### Extracted information
★ ★ ★ ★ ★ ★ ★

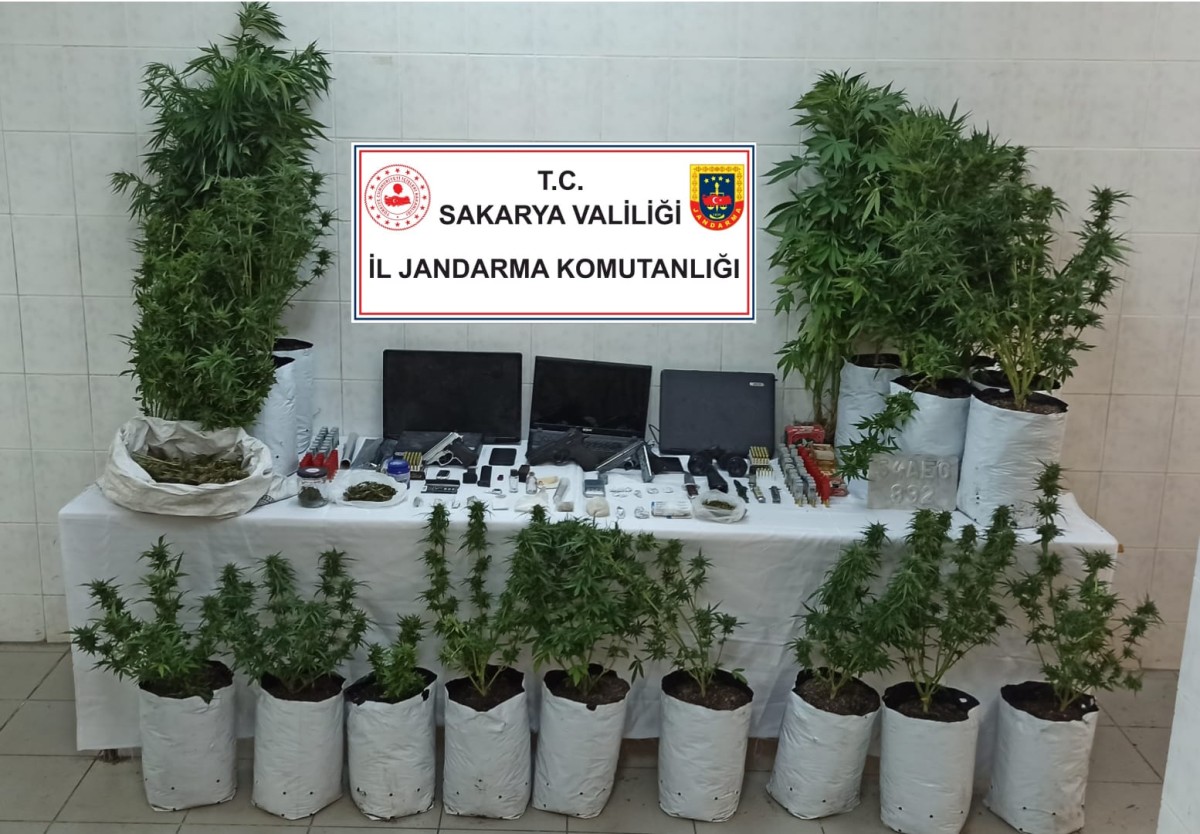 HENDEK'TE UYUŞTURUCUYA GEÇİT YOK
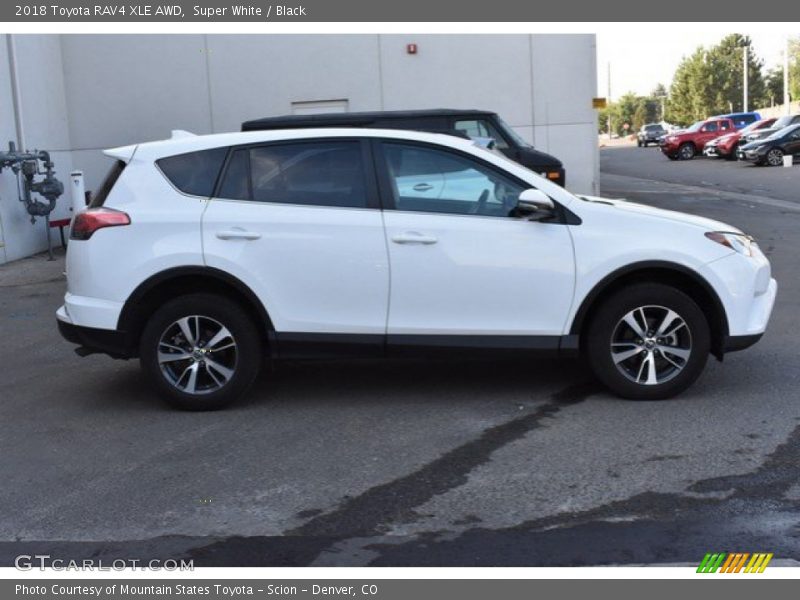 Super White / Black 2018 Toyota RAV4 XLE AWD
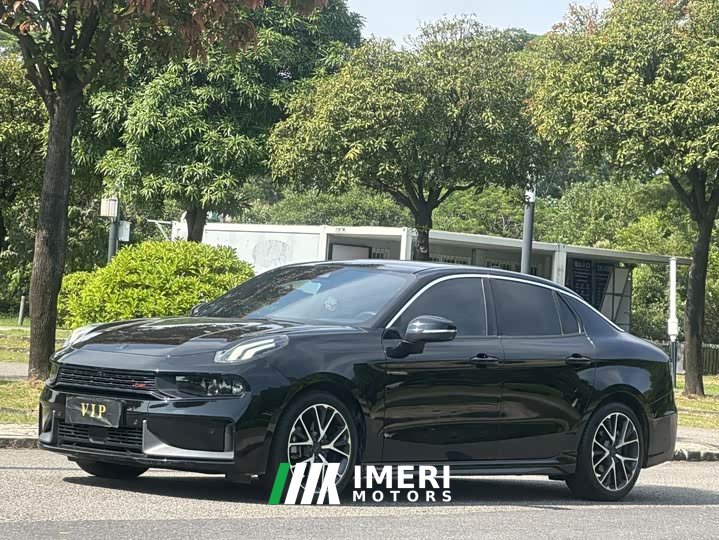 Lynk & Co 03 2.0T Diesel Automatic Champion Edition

★ ★ ★ ★ ★ ★ ★

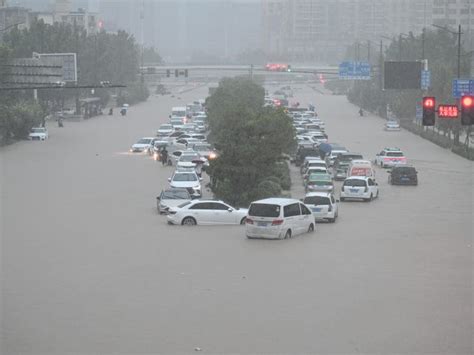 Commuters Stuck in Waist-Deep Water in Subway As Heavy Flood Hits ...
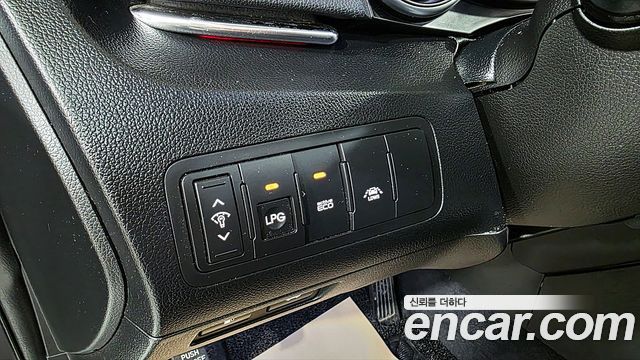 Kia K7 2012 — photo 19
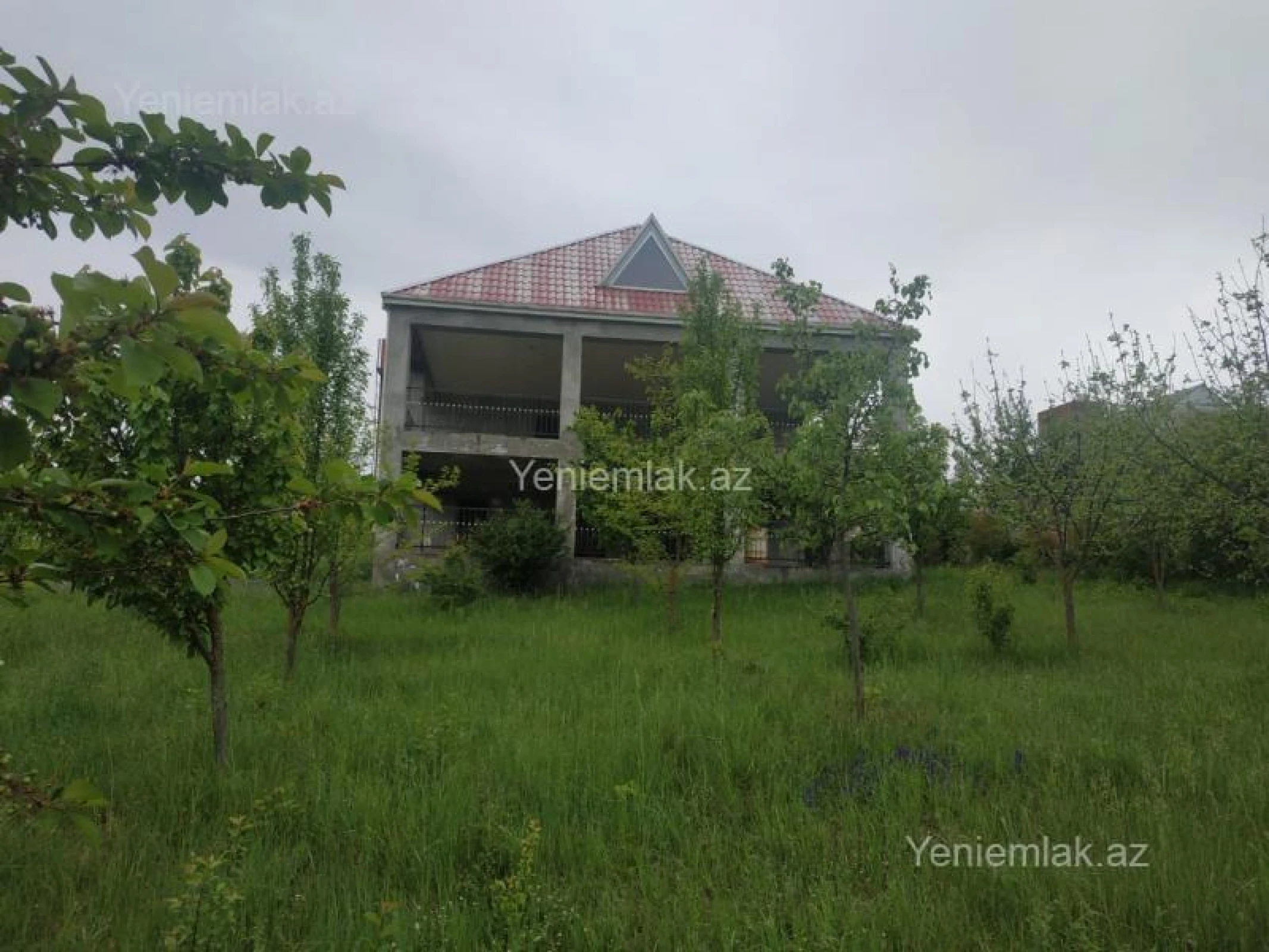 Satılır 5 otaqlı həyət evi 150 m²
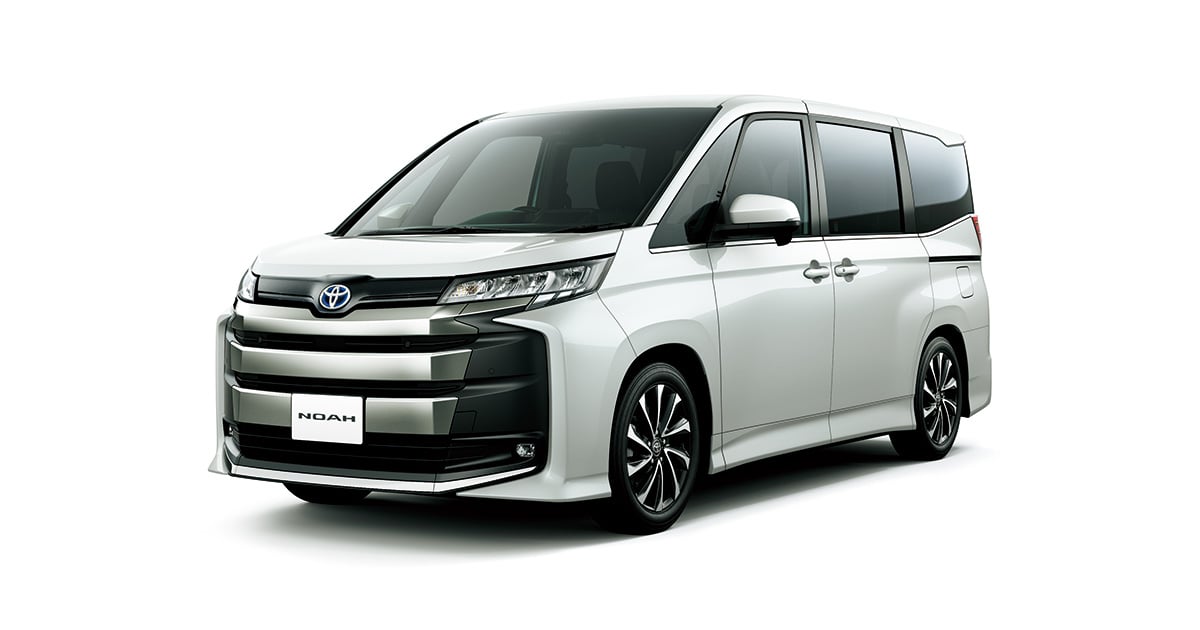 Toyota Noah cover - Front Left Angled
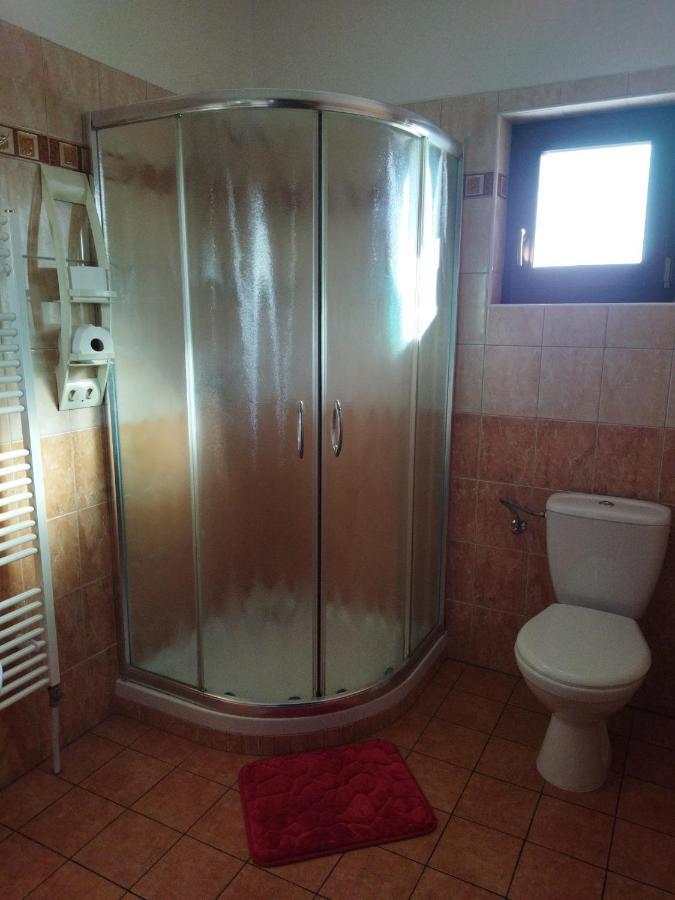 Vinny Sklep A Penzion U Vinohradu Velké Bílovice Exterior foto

★ ★ ★ ★ ★ ★ ★

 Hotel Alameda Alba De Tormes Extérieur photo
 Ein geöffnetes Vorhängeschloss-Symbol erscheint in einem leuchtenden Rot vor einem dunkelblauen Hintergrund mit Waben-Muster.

★ ★ ★ ★ ★ ★ ★

### Work instruction
From the entries above, copy exactly the lines starting at the one with "Kia K7 2012 — photo 19" and stopping at the one with "Vinny Sklep A", keeping both ends. Drop the pictures.

### Task solution
 Kia K7 2012 — photo 19
 Satılır 5 otaqlı həyət evi 150 m²
 Toyota Noah cover - Front Left Angled
 Vinny Sklep A Penzion U Vinohradu Velké Bílovice Exterior foto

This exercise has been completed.